Aver superato le prove della vita significa essere pervenuti a quella libertà e maturità che accreditano l'accompagnatore spirituale (171). Non sono dunque le conoscenze teoriche che distinguono il "maestro": prova ne è la difficoltà a individuare nell'opera d'Isacco le tappe del cammino spirituale. A tal proposito un po' più sistematico e forse il testo 168; già si vide che alla base dell'edificio spirituale sta quella povertà di cuore che e umile pazienza. Essa permette di conoscere i valori. definiti come "vita immortale”, “sentire le cose in Dio”. Allora il cuore si riempie di una dolcezza a cui nulla sulla terra è paragonabile.
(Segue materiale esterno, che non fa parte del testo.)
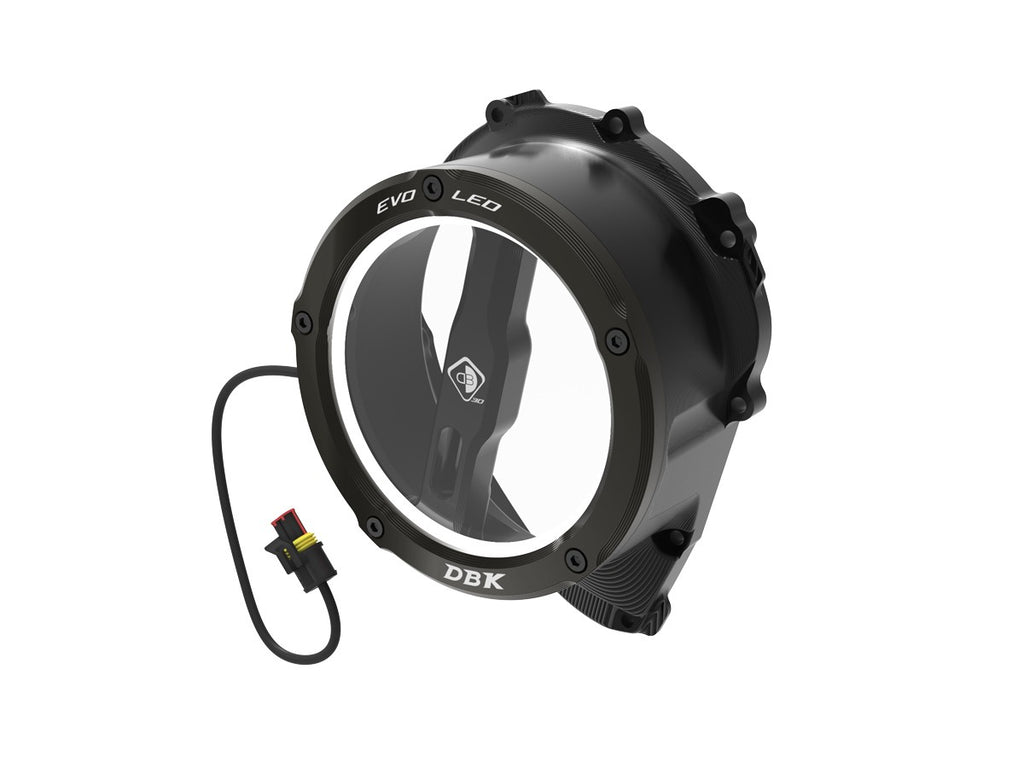 DUCABIKE CCDVL19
Di lì zampilla un sentimento sottile di Dio” “la consapevolezza di Dio, da cui nasce l'amore". Per Isacco, infatti, l'amore

è il culmine del cammino, tanto che chi l'ha in cuore non conosce tristezza davanti alla morte più dura per coloro che ama (ivi).

Per arrivare poi alla preghiera pura (157), occorre che il fervore sia costante. Se esso scema per cause varie (173), Isacco punta il dito sulla radice: "Da che cosa dipende che la purezza: è soffocata da tenebre cupe? Da un sottilissimo pensiero d'orgoglio che entra nel cuore e vi si annida" (173). Invece, liberato dall'orgoglio, il monaco sa amare, soffrire, rendere grazie per tutto, quasi già appartenesse al secolo futuro (162).

All'ultima tappa, lo Spirito Santo si riposa nell'uomo, che ha lavato gli occhi nelle lacrime della compunzione (157. 172). La purificazione incessante (159) permette a Dio "senza nemmeno accorgertene" di irradiare la sua gloria nell'anima (160). L'uomo può godere di una quiete totale, quando ha dimenticato tutto, persino se stesso. Non si tratta di sorpassare l'intelletto, ma di ritornare alla purezza originaria che permette di vedere Dio. Se per Evagrio l'orazione si confonde con lo stato dell'intelletto illuminato dalla luce della Trinità, per Isacco, solo dopo aver ritrovato la primitiva semplicità grazie alla crocifissione delle passioni, "la nube della gloria divina coprirà la tua anima, e la luce della sua grandezza brillerà nel tuo cuore" (157).